(Collected data)
-------------------------
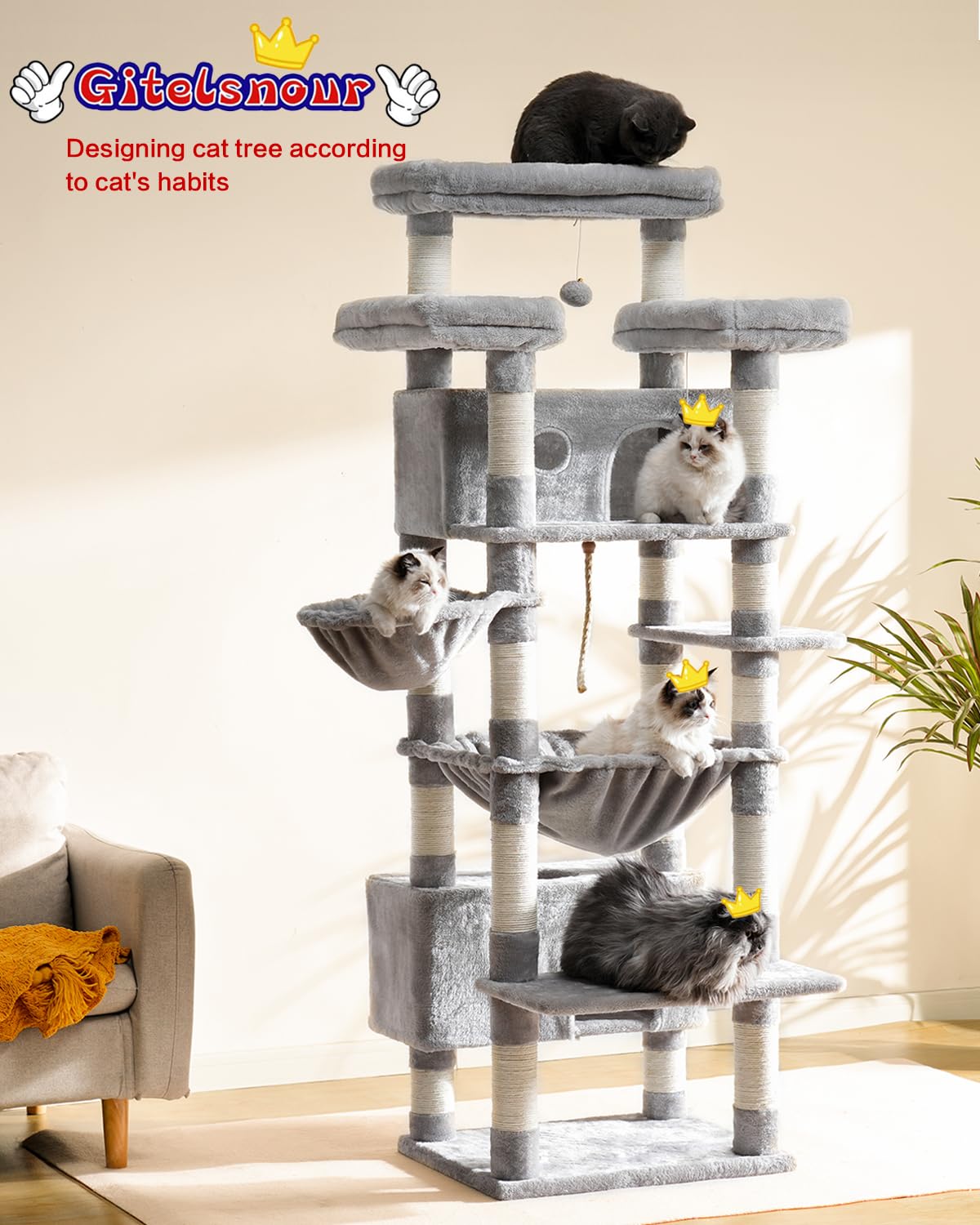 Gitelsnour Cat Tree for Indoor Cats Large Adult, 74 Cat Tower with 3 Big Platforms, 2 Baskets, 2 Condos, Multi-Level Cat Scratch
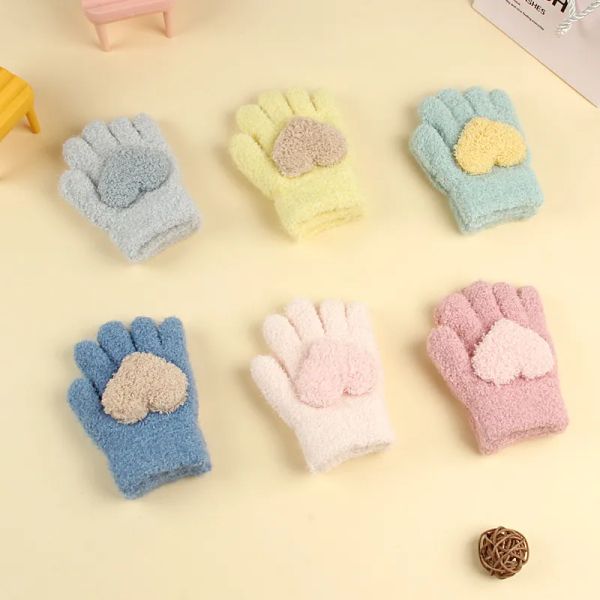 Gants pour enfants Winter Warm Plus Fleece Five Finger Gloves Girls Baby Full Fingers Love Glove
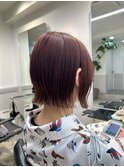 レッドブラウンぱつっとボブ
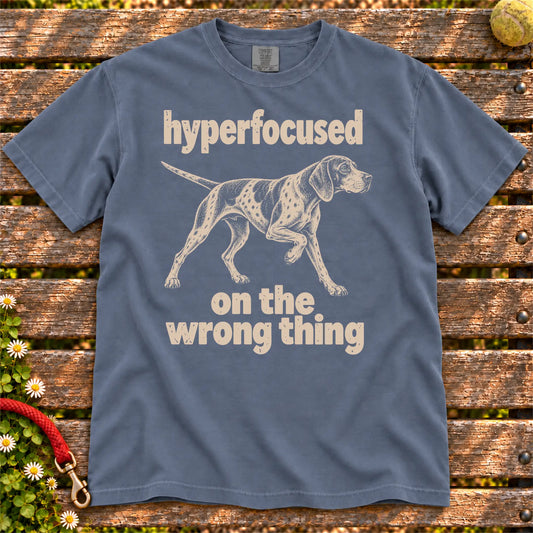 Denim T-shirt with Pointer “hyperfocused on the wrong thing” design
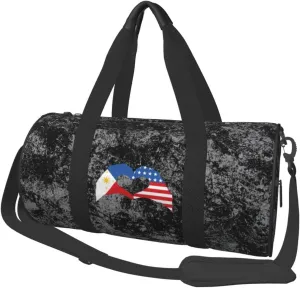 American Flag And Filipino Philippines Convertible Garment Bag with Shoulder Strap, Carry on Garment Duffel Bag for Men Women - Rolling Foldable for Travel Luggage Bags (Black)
-------------------------
All of the records should be set down exactly, minus the pictures they hold.

→ Solution to the problem:
 Gitelsnour Cat Tree for Indoor Cats Large Adult, 74 Cat Tower with 3 Big Platforms, 2 Baskets, 2 Condos, Multi-Level Cat Scratch
 Gants pour enfants Winter Warm Plus Fleece Five Finger Gloves Girls Baby Full Fingers Love Glove
 レッドブラウンぱつっとボブ
 Denim T-shirt with Pointer “hyperfocused on the wrong thing” design
 American Flag And Filipino Philippines Convertible Garment Bag with Shoulder Strap, Carry on Garment Duffel Bag for Men Women - Rolling Foldable for Travel Luggage Bags (Black)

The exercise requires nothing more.